Only the lines from the one with "Welcome To The Palace (Explicit)" onward are wanted, through the last line of the entries, set down exactly.

*Crawled caption data*
Segment Open

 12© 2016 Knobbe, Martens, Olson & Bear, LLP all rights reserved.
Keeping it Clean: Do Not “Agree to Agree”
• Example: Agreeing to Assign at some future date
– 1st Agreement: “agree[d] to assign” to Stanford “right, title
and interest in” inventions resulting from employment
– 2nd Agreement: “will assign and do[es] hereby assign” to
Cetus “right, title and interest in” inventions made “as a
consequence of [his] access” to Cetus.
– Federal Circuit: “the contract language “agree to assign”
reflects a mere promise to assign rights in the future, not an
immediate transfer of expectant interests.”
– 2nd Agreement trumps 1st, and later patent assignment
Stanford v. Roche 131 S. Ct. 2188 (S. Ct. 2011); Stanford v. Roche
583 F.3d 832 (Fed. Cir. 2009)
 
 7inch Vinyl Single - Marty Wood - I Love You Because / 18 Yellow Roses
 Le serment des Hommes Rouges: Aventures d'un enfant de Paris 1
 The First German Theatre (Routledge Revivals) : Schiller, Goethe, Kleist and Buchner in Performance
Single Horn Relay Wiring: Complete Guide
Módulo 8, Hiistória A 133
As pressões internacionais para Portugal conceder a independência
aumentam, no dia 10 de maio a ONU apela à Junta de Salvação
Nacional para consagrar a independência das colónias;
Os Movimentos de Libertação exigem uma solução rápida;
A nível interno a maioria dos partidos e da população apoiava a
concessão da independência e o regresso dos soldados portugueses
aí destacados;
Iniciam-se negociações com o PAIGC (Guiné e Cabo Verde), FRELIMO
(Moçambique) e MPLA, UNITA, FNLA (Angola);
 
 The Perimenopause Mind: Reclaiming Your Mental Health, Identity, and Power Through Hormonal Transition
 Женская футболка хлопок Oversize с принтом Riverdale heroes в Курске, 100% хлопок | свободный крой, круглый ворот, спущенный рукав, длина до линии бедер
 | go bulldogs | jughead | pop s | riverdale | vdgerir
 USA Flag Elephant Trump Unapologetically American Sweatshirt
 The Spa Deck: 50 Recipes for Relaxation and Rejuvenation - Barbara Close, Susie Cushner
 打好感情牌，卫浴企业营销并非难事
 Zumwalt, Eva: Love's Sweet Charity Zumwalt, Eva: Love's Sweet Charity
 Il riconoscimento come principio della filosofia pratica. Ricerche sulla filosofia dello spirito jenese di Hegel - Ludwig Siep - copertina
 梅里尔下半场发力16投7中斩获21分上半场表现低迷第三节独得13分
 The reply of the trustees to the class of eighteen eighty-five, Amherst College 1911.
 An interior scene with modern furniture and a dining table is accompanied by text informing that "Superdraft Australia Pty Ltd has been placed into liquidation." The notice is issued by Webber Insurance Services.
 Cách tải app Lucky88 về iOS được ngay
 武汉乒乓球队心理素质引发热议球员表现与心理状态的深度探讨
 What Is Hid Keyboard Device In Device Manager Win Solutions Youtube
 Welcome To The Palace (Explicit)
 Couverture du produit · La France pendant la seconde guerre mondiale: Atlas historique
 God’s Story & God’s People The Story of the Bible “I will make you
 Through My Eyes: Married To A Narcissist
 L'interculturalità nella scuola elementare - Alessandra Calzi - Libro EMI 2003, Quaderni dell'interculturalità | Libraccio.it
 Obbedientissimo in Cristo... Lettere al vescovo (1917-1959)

Segment Closed

*COMPLETED TASK*
 Welcome To The Palace (Explicit)
 Couverture du produit · La France pendant la seconde guerre mondiale: Atlas historique
 God’s Story & God’s People The Story of the Bible “I will make you
 Through My Eyes: Married To A Narcissist
 L'interculturalità nella scuola elementare - Alessandra Calzi - Libro EMI 2003, Quaderni dell'interculturalità | Libraccio.it
 Obbedientissimo in Cristo... Lettere al vescovo (1917-1959)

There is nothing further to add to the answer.